UN TOUT JEUNE SOLDAT, tout bas, à un autre. Si ça dure encore cinq minutes, mon fusil me tombera des mains. La tête me tourne et le cœur me manque.

L’AUTRE. Allons, allons, c’est la consigne, faut y aller ! (Le jeune soldat s’évanouit.)

LE SOUS-OFFICIER. Qu’est-ce qu’il y a, mille noms de… ?

L’AUTRE JEUNE SOLDAT. Faites excuse, mon caporal, c’est le camarade qui ne peut pas supporter l’ennui d’attendre… (Le sous-officier jure et tempête. Il est aussi ému que les autres et se soutient par la colère. Les terrassiers, effrayés, se hâtent.)

SAINT-GUELTAS, à Raboisson, à l’autre bout, de la prairie. Il paraît qu’on veut nous donner le temps de dire nos prières ! Que signifie cette pose que nous faisons ici ?

RABOISSON. Je ne sais, qu’importe ? La vie n’est pas belle, mais on peut bien la supporter un quart d’heure. Regarde donc le soldat qui est à ma gauche.

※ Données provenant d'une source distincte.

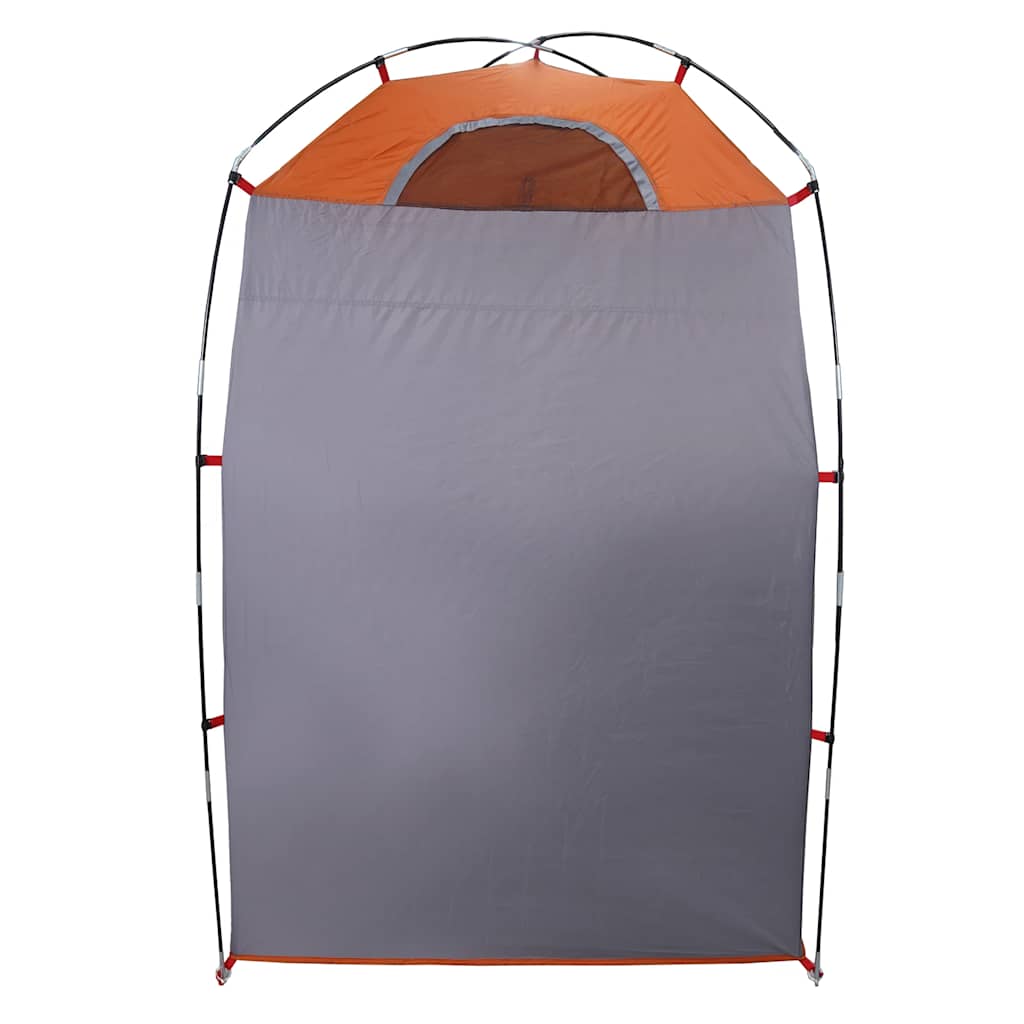 Tenda da Doccia Grigia Impermeabile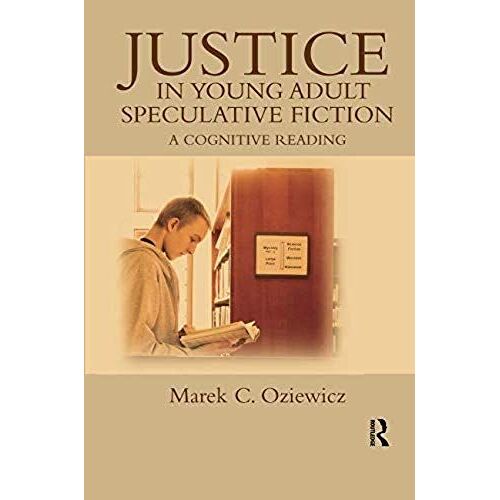 Justice In Young Adult Speculative Fiction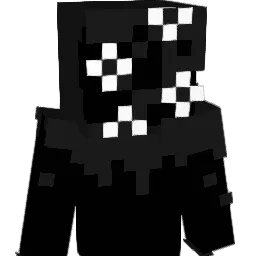 Ervastine Minecraft avatar bust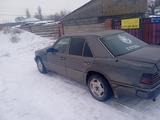 Mercedes-Benz E 230 1992 годаүшін750 000 тг. в Ушарал – фото 4
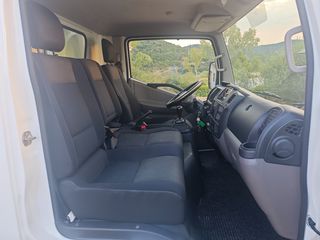 Nissan Cabstar 2019 NT400 ΨΥΓΕΙΟ CARRIER   ΜΠΡΙΖΑ EURO 6 2019-thumb-26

SAINT-GUELTAS. Le diable m’emporte, c’est Stock ! un de ceux qui vont nous tuer. Il s’est enrôlé dans les bleus après Savenay pour sauver sa vie, le lâche ! Je veux le faire pâlir ! (Haut.) C’est aujourd’hui le 10 août, je crois ! (Stock fait un geste de menace comme s’il voulait prendre Saint-Gueltas au collet, et lui glisse un billet dans la main.)

RABOISSON, bas. Qu’est-ce que c’est ?

SAINT-GUELTAS, après avoir lu à la dérobée. La comtesse veut et peut nous sauver ; il ne faut qu’un moment d’audace. (Il lui passe le billet.)